In Various v Wm Morrisons Supermarket PLC, S was employed by Morrisons, the supermarket chain, as a senior IT internal auditor. He had access to sensitive and confidential employee data. In July 2013, S faced disciplinary action from Morrisons and, in an act of malicious revenge, he posted the personal details of almost 100,000 Morrisons employees on a file-sharing website. These actions led to S being arrested and charged with fraud, and other offences. In July 2015, he was convicted and sentenced to eight years in prison. The co-workers whose data had been disclosed made a group civil claim against Morrisons for compensation arguing that Morrisons was vicariously liable for S’s actions.
The law
Vicarious liability is a common law principle of strict liability for wrongs committed by another person. In employment cases, the rationale for the imposition of vicarious liability is that an employer is more likely to have the means to compensate the victim than the employee. In addition, the employer, by employing the employee to carry on the activity, will have created the risk of the tort committed by the employee.
The employment relationship can give rise to vicarious liability and in these cases, the focus is on whether there is a ‘sufficiently close connection’ between the employee’s role and wrongdoing, such that it can be regarded as ‘in the course of employment’, and thus it is fair to hold the employer vicariously liable.
In Bellman, the Court of Appeal held that M was the directing mind and will of a small company, whose authority, remit and ‘field of activities’ were wide. M was wearing his ‘metaphorical managing director’s hat’ when lecturing his subordinates after the Christmas party. In the court’s view, the attack arose out of a misuse of the position entrusted to M as managing director. Accordingly, the court held that there was sufficient connection between M’s job and the assault for his actions to be considered as ‘in the course of employment’, and thus to render NR vicariously liable for those actions.

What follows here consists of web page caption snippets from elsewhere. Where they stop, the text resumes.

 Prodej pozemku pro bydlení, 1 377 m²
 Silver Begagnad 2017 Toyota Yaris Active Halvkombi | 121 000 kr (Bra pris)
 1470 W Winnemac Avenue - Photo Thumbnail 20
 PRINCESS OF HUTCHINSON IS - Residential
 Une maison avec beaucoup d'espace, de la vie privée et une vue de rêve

Likewise, in Morrisons, the Court of Appeal ruled that when S received the staff data, he was acting as an employee and the fact he chose to disclose the data in an unauthorised way was still closely related to what he had been tasked to do – and, again, ‘in the course of employment’.
Conclusion
While decisions in vicarious liability cases tend to be fact-sensitive, Bellman and Morrisons continue the recent trend of cases where employers have been found to be vicariously liable for what may seem like the outrageous actions of employees.

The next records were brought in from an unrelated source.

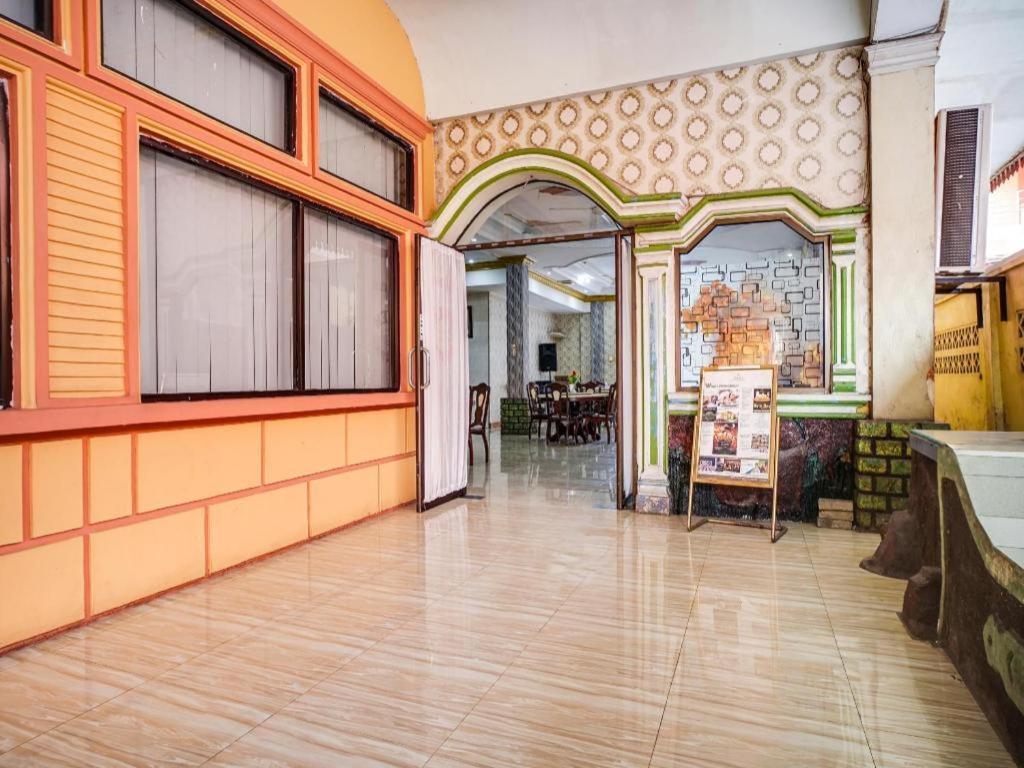 Oyo 1140 Hotel Tresya Tanjung Balai Tanjungbalai Zewnętrze zdjęcie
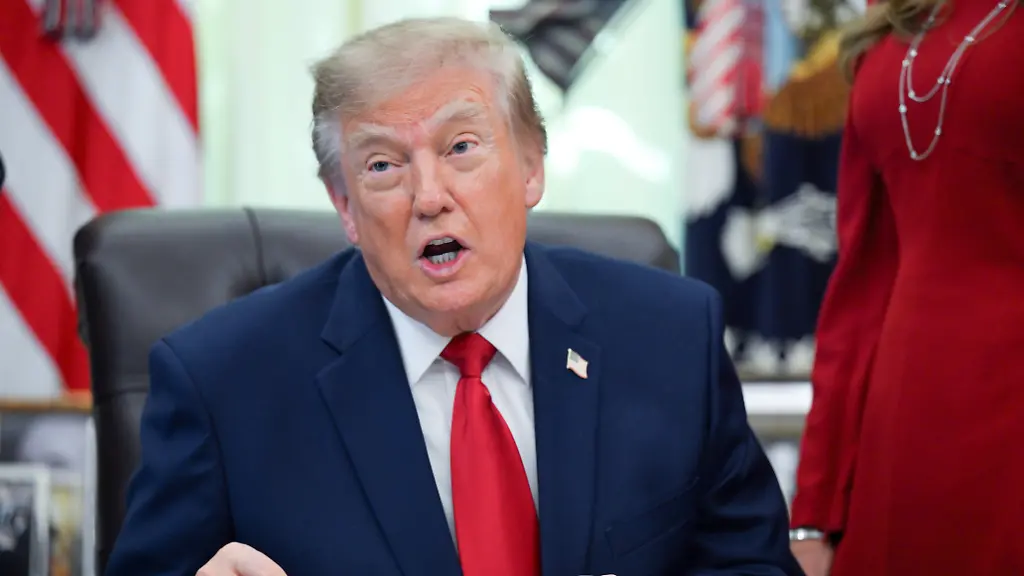 Trump kritisiert Begriff „Künstliche Intelligenz“ und fördert „Superintelligenz“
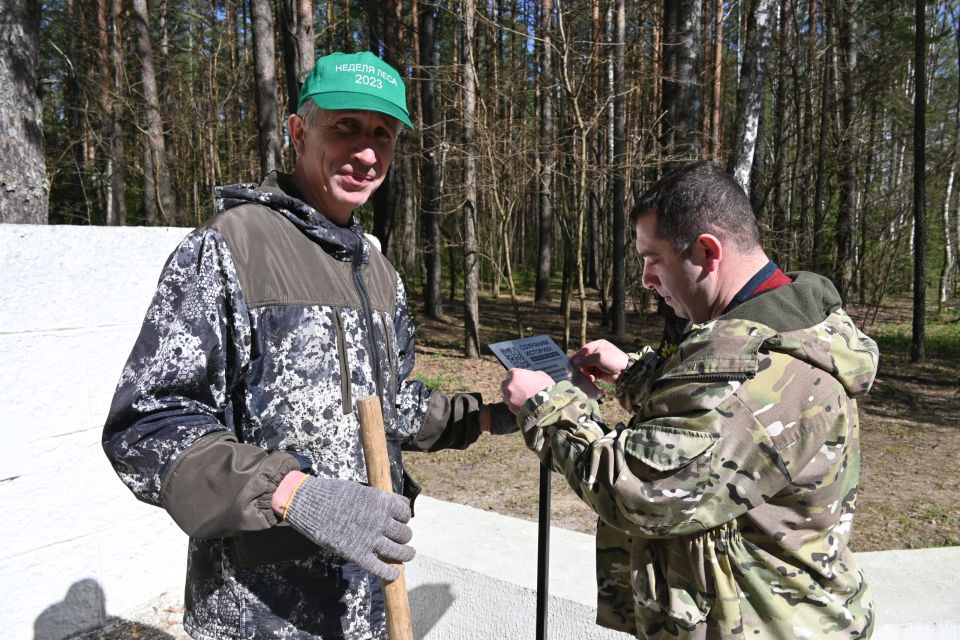 Хотимский райисполком произвел косметический ремонт в д. Горня у памятника воинам-кавалеристам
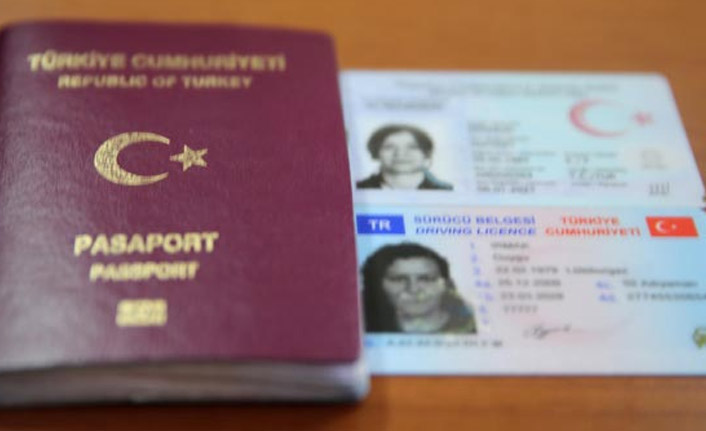 Pasaport, kimlik ve sürücü belgesi başvurularında rekor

Consistent judicial rulings that an employee’s ‘field of activities’ is to be considered widely have brought many acts and/or omissions within ‘the course of employment’. Cases in which the necessary ‘close connection’ has been found all involved the employee having used or misused the position entrusted to him in a way which injured the claimant.

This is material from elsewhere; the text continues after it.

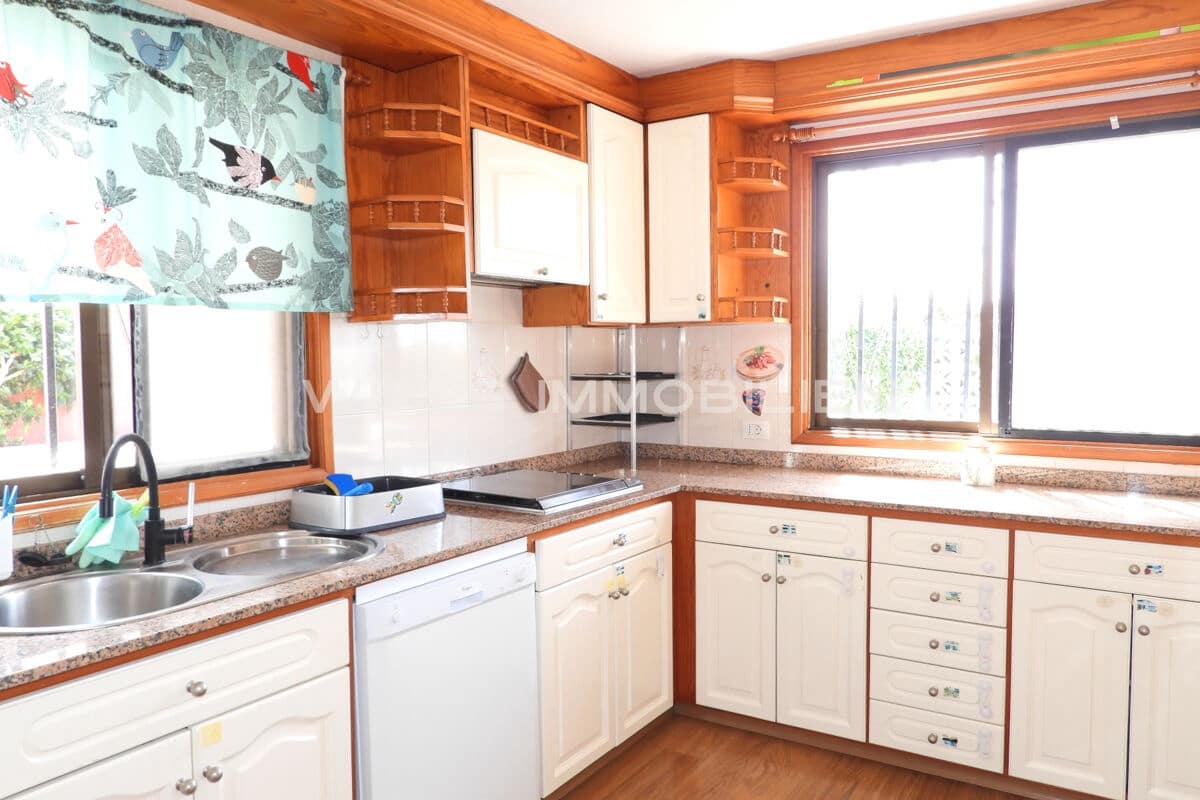 Casa de 4 habitaciones en El Sauzal en venta con piscina garaje - 735.000 € (Ref: 9663282)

What should concern employers is that the ‘no fault’ nature of the vicarious liability doctrine makes it difficult for them to proactively limit their potential liability for the actions of their employees. For example, it is doubtful whether an express instruction by an employer to its staff to behave appropriately at the staff Christmas party will help protect that employer from being liable for any misbehaviour that does occur.
Employers will also be alarmed that the Court of Appeal in the Morrisons case was unmoved by the fact that a finding of vicarious liability, in a case where there were 100,000 potential claimants, could place an enormous financial burden on the supermarket (and other employers in future cases). The court said the solution was for employers to insure against data breaches caused by system failures and/or against losses caused by dishonest, negligent and malicious employees. Of course, the cost of such insurance could be considerable, and there is every chance that insurers may introduce policy limits given the increased exposure resulting from cases such as these.